Thanks for finding the data for the woodstove - and interpreting it for me!  If the firebox itself, which looks to be brick, is only 1/4" higher than the hardwood floor, is it possible to create a raised hearth (even just 1/2", which doesn't sound too bad) without putting the insert out of balance?  Any thoughts about whether it's necessary to break the concrete hearth down and use a single piece of concrete board versus building a "moat" of concrete board and insulation around the current concrete hearth?

I'd tried looking into edgings that would cover the edge of the cut wood floor, had decided on cutting it as well as possible and possibly extending bullnose tile slightly over it (knowing that will weaken the tiles).  I couldn't find any tile bevels (besides the 1/4" provided by the bullnose tiles).  When you talk about a bevel, would that be like wood molding or a metal bevel - possibly like what I see at the junctions of the hardwood and linoleum floors in our house?
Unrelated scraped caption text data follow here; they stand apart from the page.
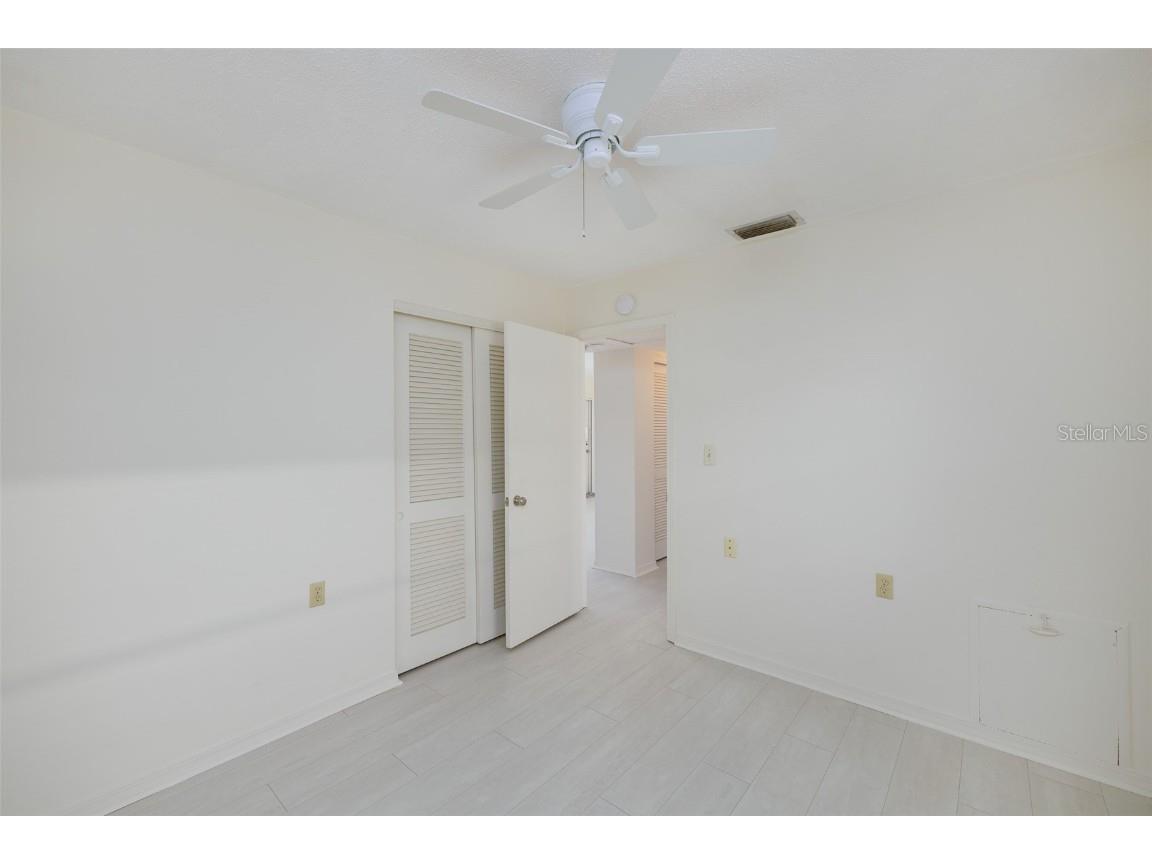 7847 39th Terrace N Saint Petersburg FL 33709 TB8353932 image9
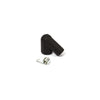 Oregon 33-213 Spark Plug Boot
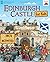 Edinburgh Castle for Kids: ...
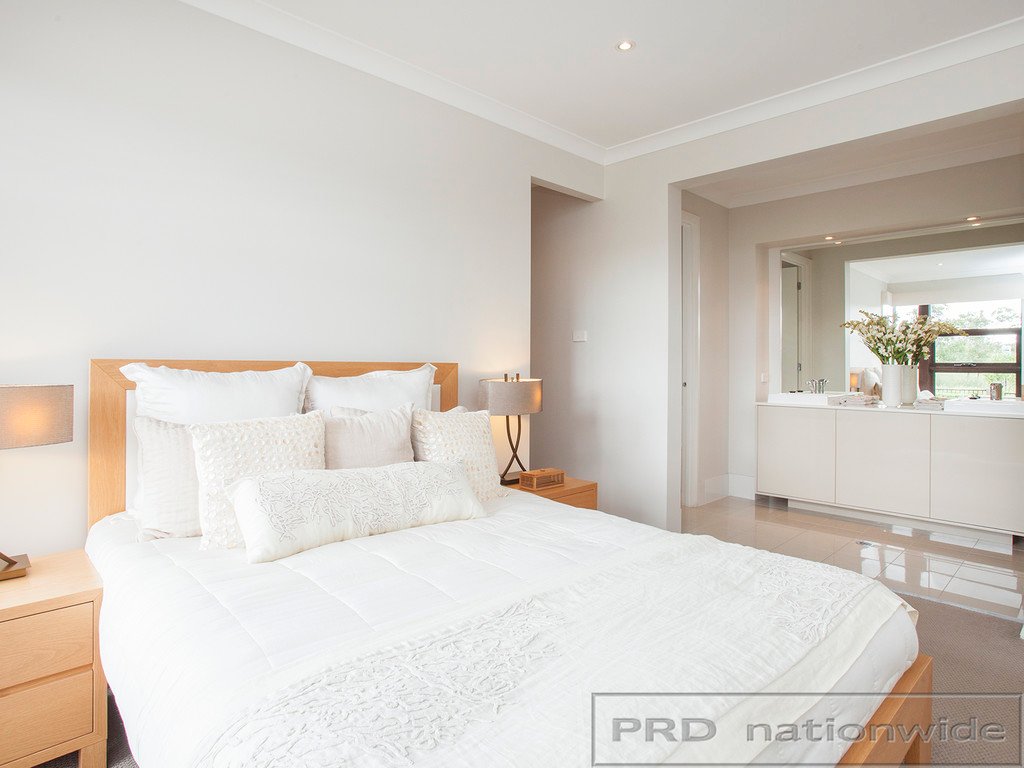 25 Whitewater Street CHISHOLM 3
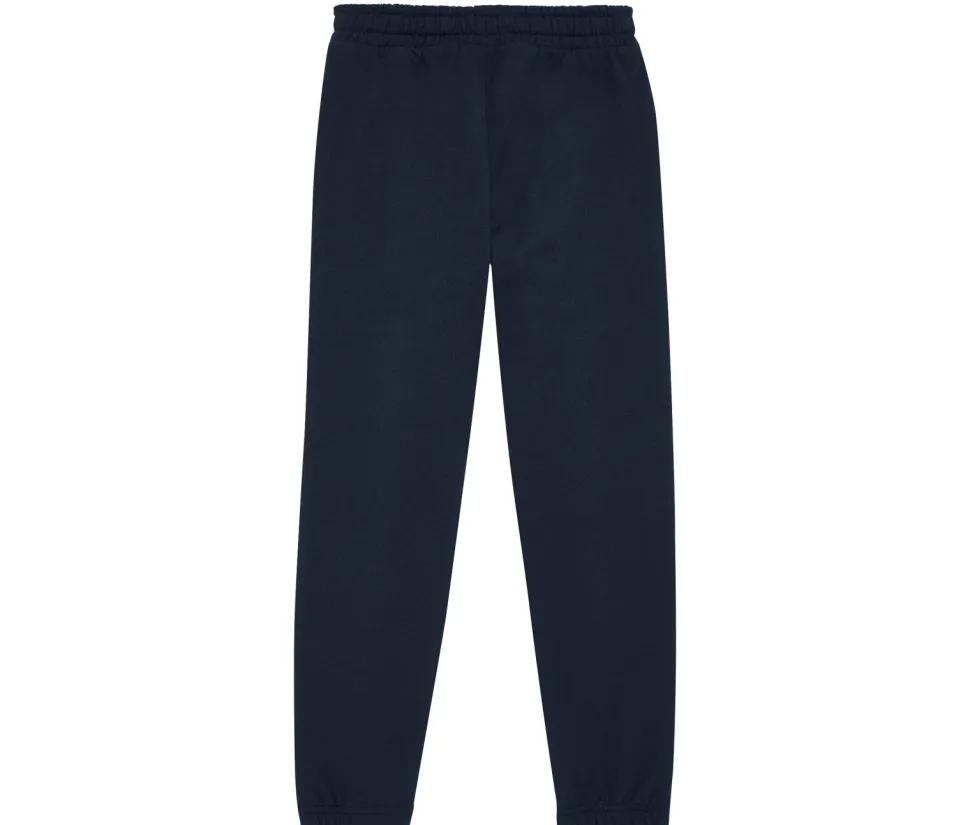 B&C ID000K - Pantalon de jogging unisexe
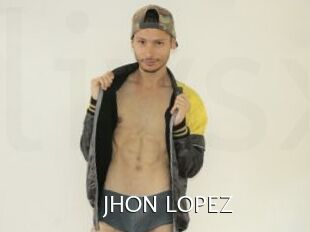 JHON_LOPEZ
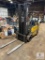Yale GLC050DENUAE092 LP Forklift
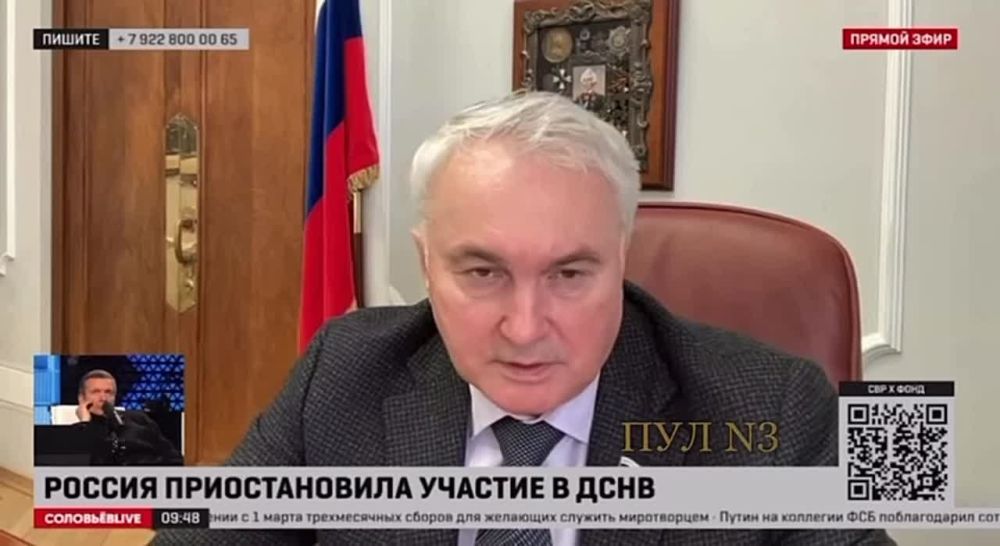 � ������� ��������, ��� ������ �� �������� �� ���������� ������ ��������������:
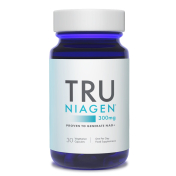 True Niagen 30 capsules 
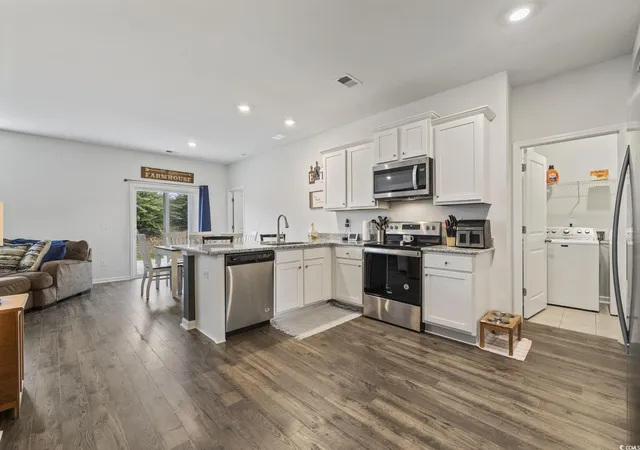4th image of 2816 Ophelia Way, Myrtle Beach, SC 29577 | MLS# 2528737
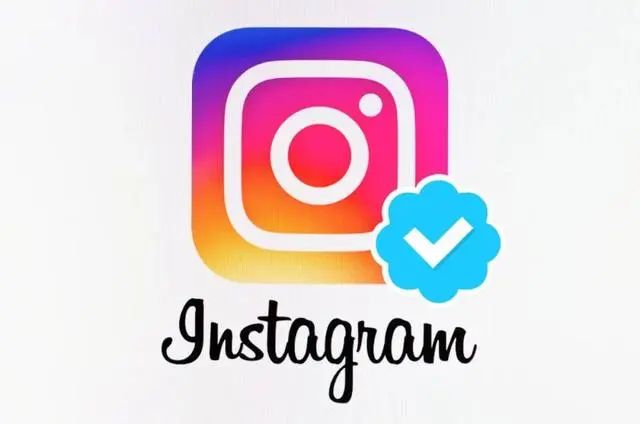 運(yùn)營(yíng)干貨 | 做好Instagram網(wǎng)紅營(yíng)銷的4個(gè)小技巧！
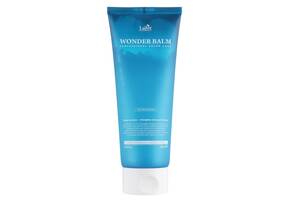 Увлажняющий экспресс-бальзам для волос Wonder Balm Lador 200 мл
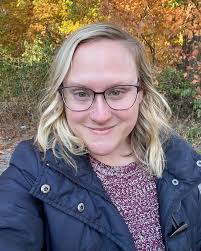 Katie Ann Photography LLC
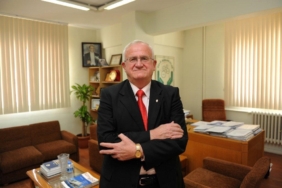 Çocuklar için hiperaktivite ve otizm tehlikesi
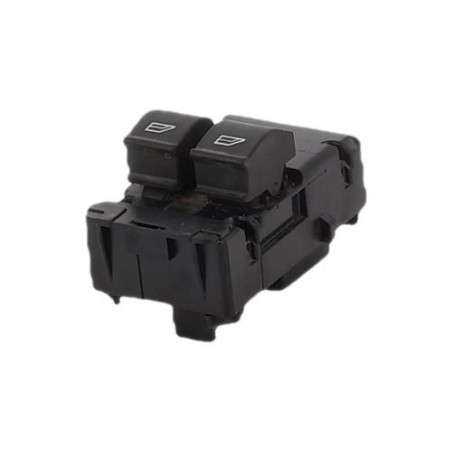 Interrupteur de leve vitre avant gauche FORD TRANSIT CUSTOM 1 PHASE 1 d’occasion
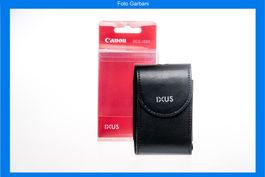 Canon Ixus case DCC-1320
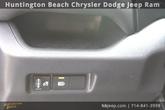 Thumbnail of 2021 Silver Sky Toyota RAV4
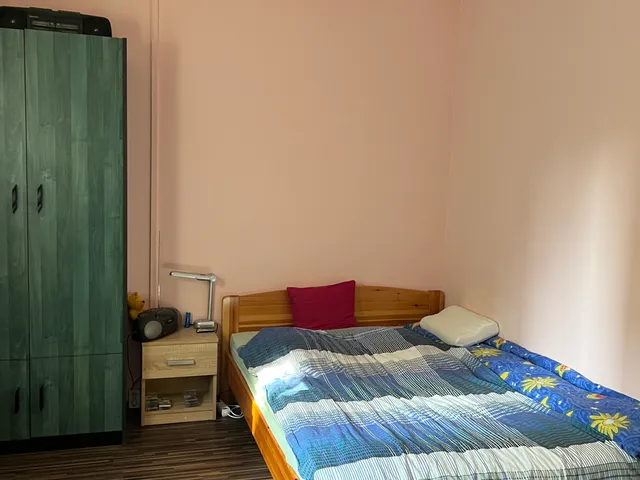 Eladó lakás Szeged, Makkosház 52 nm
Also, I read an earlier post which suggested that putting the cement board over 3/4" plywood subfloor is not enough support.  Would putting down some plywood over the subfloor be necessary, or can it somehow go below the subfloor and still add stability?


----------



## CarbonNeutral (Oct 15, 2010)

I had no issues with r-value, but I had a very similar situation. I have hardibacker over both the concrete and subfloor sections. No issues to speak of. My subfloor is panels, not plywood.


----------



## breathebeast (Oct 15, 2010)

Carbon Neutral, great to hear that that solution worked for you.  Did you use thinset under the cement board?


----------



## midwestcoast (Oct 15, 2010)

I can't answer all your questions, but I have the same insert & some similarities in install.  First I would try to determine the exact construction of the existing hearth so you know whether just keeping it as-is is an option. When I installed I drilled two small holes through my tile & concrete hearth to determine thickness of concrete, measured the heck out of things from above & below & made a sketch of it all to get my head around it.  Next calculated the R-value of the existing hearth (concrete is something like R-0.08 per inch). My FP is on the first floor & I had some brickwork below it, so the R-Value came out okay & I didn't need to rip it up. Based one the photos, my GUESS is you won't have the req'd R0.6 on the existing hearth so better to take it all down to the subfloor or joists & build back up as a single unit with sufficient insulation.  I know that sounds like a pain, but it's easier to do it now...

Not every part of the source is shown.